Une technologie encore sujette à controverse

Un panel de scientifiques indépendants, Union of Concerned Scientists, a analysé les risques et désavantages de cette technologie. Elle serait moins efficiente en termes de combustion d’uranium. Les centrales ne réduiraient pas non plus le nombre de déchets qui doivent être stockés sous terre.

Les chercheurs constatent également un risque pour la sécurité. Le sodium peut prendre feu s’il est exposé à l’air ou à l’eau, ce qui pourrait mener à une fusion du coeur (explosion), dû à un trop grand apport, incontrôlé, d’énergie. Cette technologie, ainsi que celle des sels fondus, est donc moins sure que les réacteurs classiques pour ces chercheurs.

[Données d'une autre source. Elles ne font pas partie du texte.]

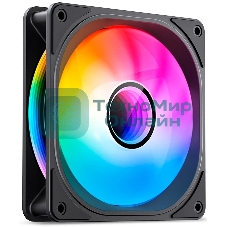 Вентилятор для корпуса JONSBO FR-606BR Reverse (120x120x25мм, 4-pin PWM, ARGb, 35.99CFM, 26.5dBA, 1500RPM, черный)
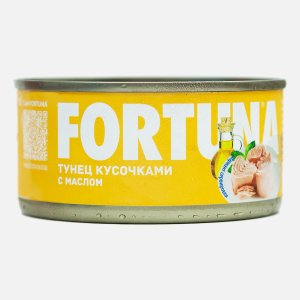 Тунец Фортуна кусочки в масле ж/б 185г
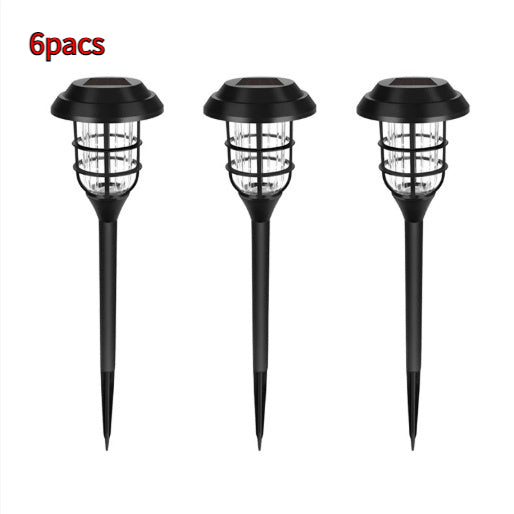 Luz LED Solar para Jardín con Diseño de Franjas - Image 6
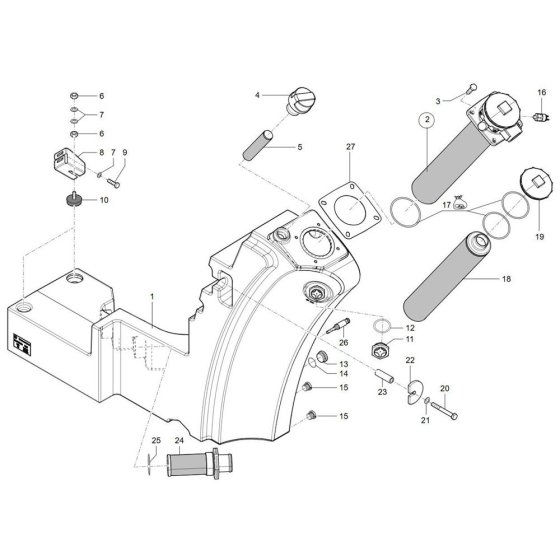 Oil Tank Assembly for Wacker TH730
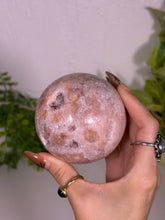 Load image into Gallery viewer, Pink Amethyst sphere H
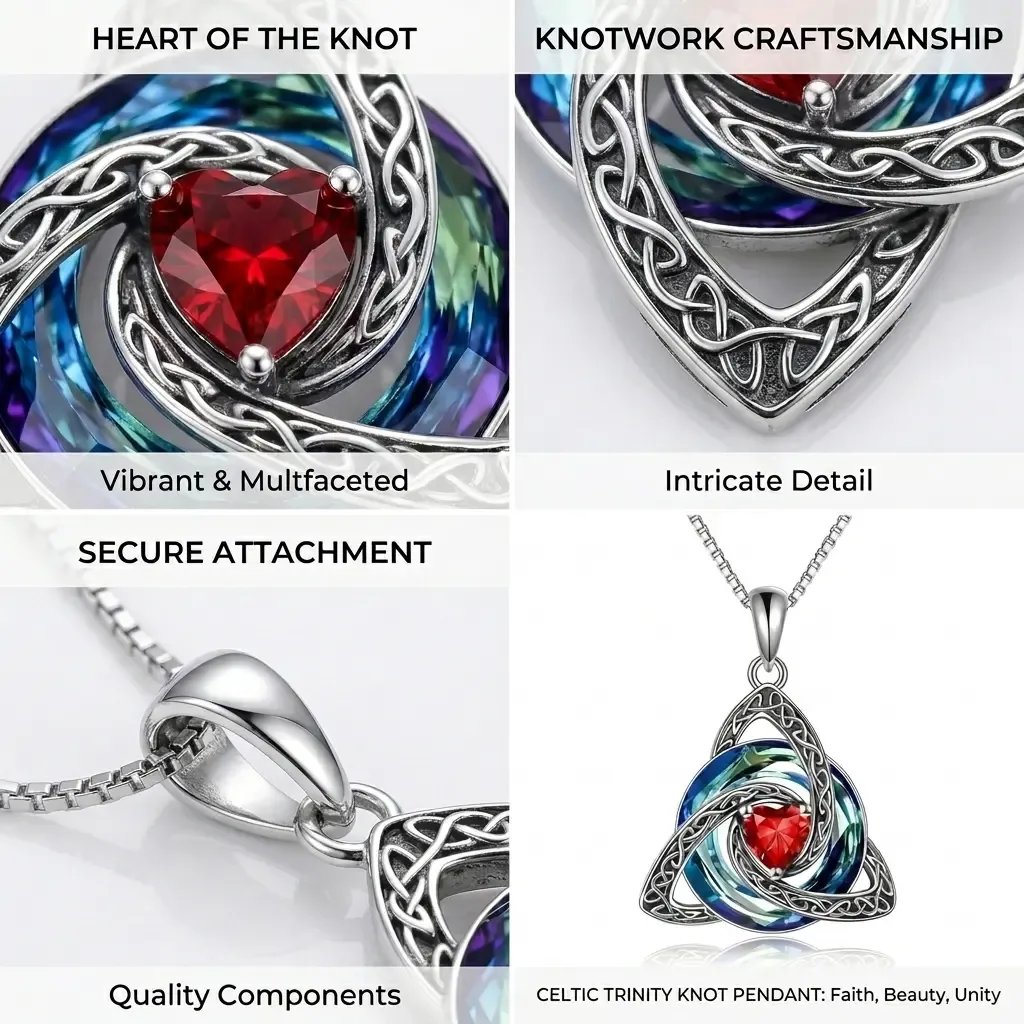 ✨ Geboortesteen Keltische Drieknoop Ketting – Betekenisvol symbool van liefde en verbondenheid ❤️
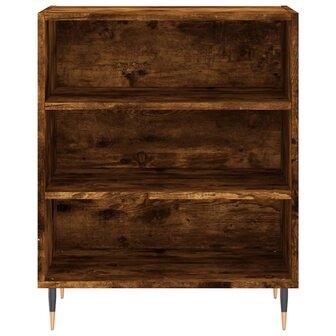 Dressoir 57x35x70 cm bewerkt hout gerookt eikenkleurig 4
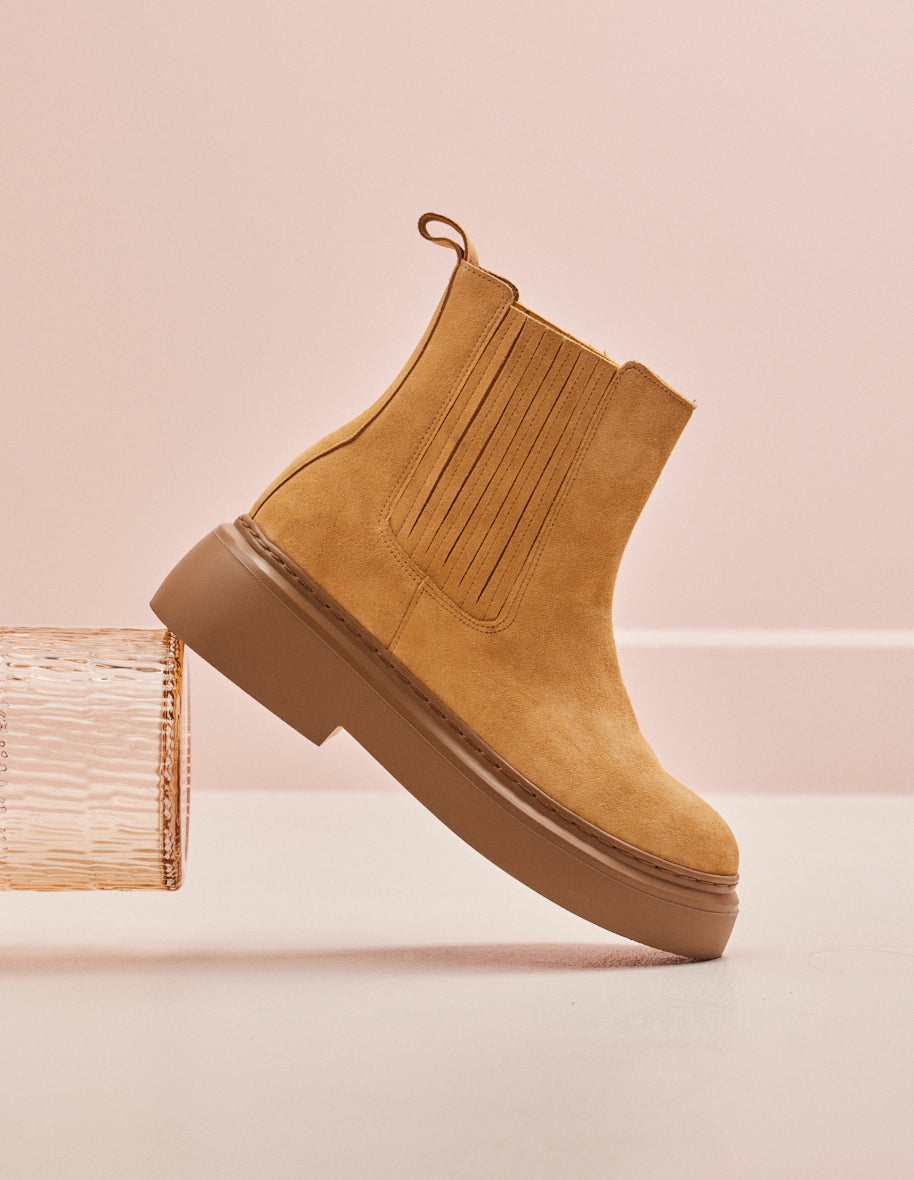 Ankle boots Tiphanie - Sand suede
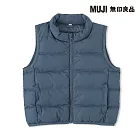 【MUJI 無印良品】幼兒可水洗鋪棉撥水加工背心 80 藍色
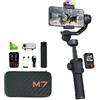 Hohem iSteady M7 AI Tracking Stabilizzatore Smartphone Gimbal Del 3-Assi, Tracciamento AI Magnetico e Luce CCT/RGB, Schermo Touch 1.4 e Asta Détachable, Charge utile 500g pour iPhone & Android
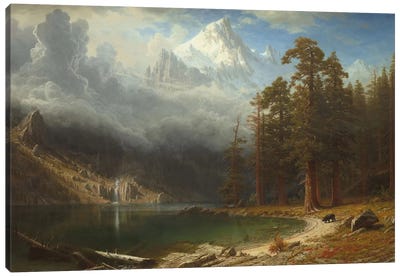 Mount Corcoran, c.1876-77 Canvas Art Print - Albert Bierstadt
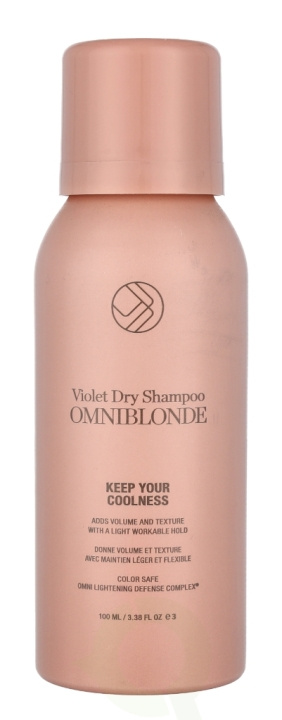 Omniblonde Keep Your Coolness Violet Dry Shampoo 100 ml in de groep BEAUTY & HEALTH / Haar & Styling / Haarverzorging / Droogshampoo bij TP E-commerce Nordic AB (C77993)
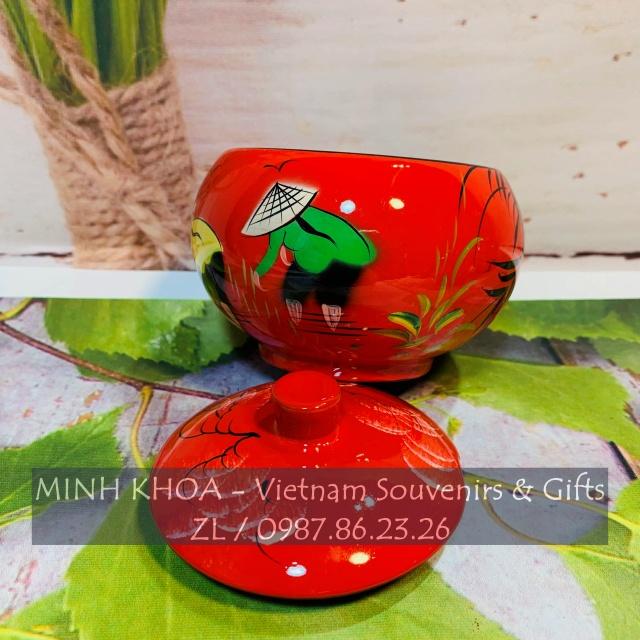 Hũ Lọ Sơn Mài Nhiều Mẫu Đựng Kẹo, Trang Sức 12 cm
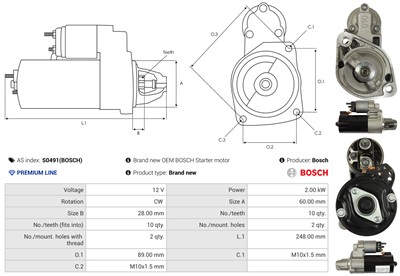 AS-PL S0491(BOSCH) EAN: 5901259496802.
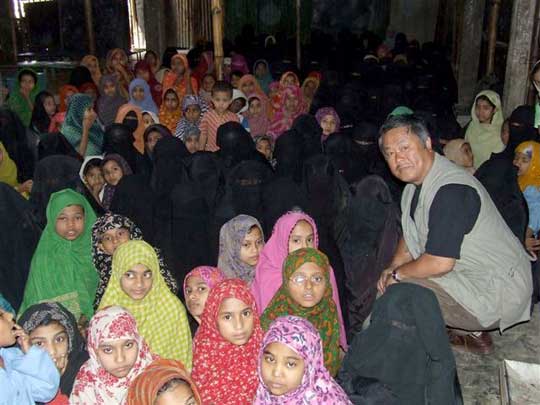 At the Madrasah Atimkhana orphanage for girls.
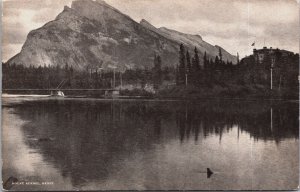 Canada Mount Rundle Banff Vintage Postcard C074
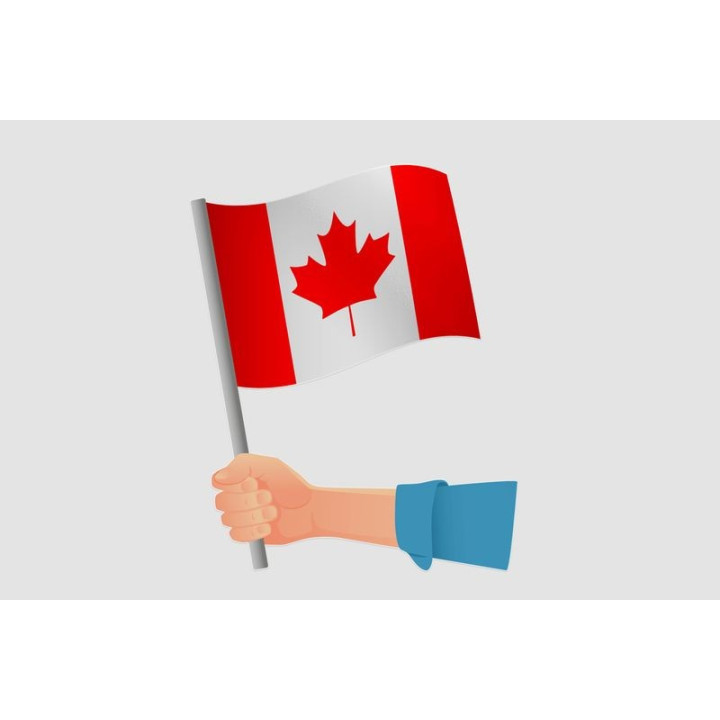 Canada Flag Style 27 Sticker - DecalsHouse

Ils estiment également que l’argument de la rentabilité grâce à la production de centrales moins cher est faux, car ces centrales ne seront pas rentables avant au moins 20 ans, calculent-ils.

Encore du chemin à faire

Levesque explique qu’il reste encore des permis à obtenir, de la part de l’organe régulateur, qui sont chers, et qui demandent beaucoup d’examens.

L’uranium que TerraPower veut utiliser, enrichi de cinq à 20%, n’est pas encore commercialisé. L’uranium actuellement utilisé aux Etats-Unis et ailleurs est l’uranium 235, enrichi à 5%. Levesque estime tout de même qu’à terme, produire cet uranium aux Etats-Unis sera possible.

Verdir le parc énergétique

Comme indiqué, la région est encore fort dépendante du charbon. L’énergie créée par TerraPower sera fournie au distributeur Rocky Mountain Power, qui attend cette énergie pour décarboniser son offre. A noter que la classification du nucléaire comme énergie verte fait souvent débat, jusqu’au sein du Green Deal de l’UE, car même s’il n’émet pas de CO2, il créé des déchets radioactifs qu’on est incapable, pour l’heure, de recycler.

Le distributeur parie aussi sur l’éolien. Il a construit des éoliennes qui produisent 2.000 mégawatts, dans le Wyoming, et compte en construire encore bien plus.

Le nucléaire semble être un débat sans fin. Des pays investissent dans des nouvelles technologies, d’autres, comme la Belgique, arrêtent complètement cette source d’énergie pour miser sur d’autres technologies. Avec nos besoins en énergie augmentant constamment, ce débat risque de rester sur le devant de la scène encore un bout de temps.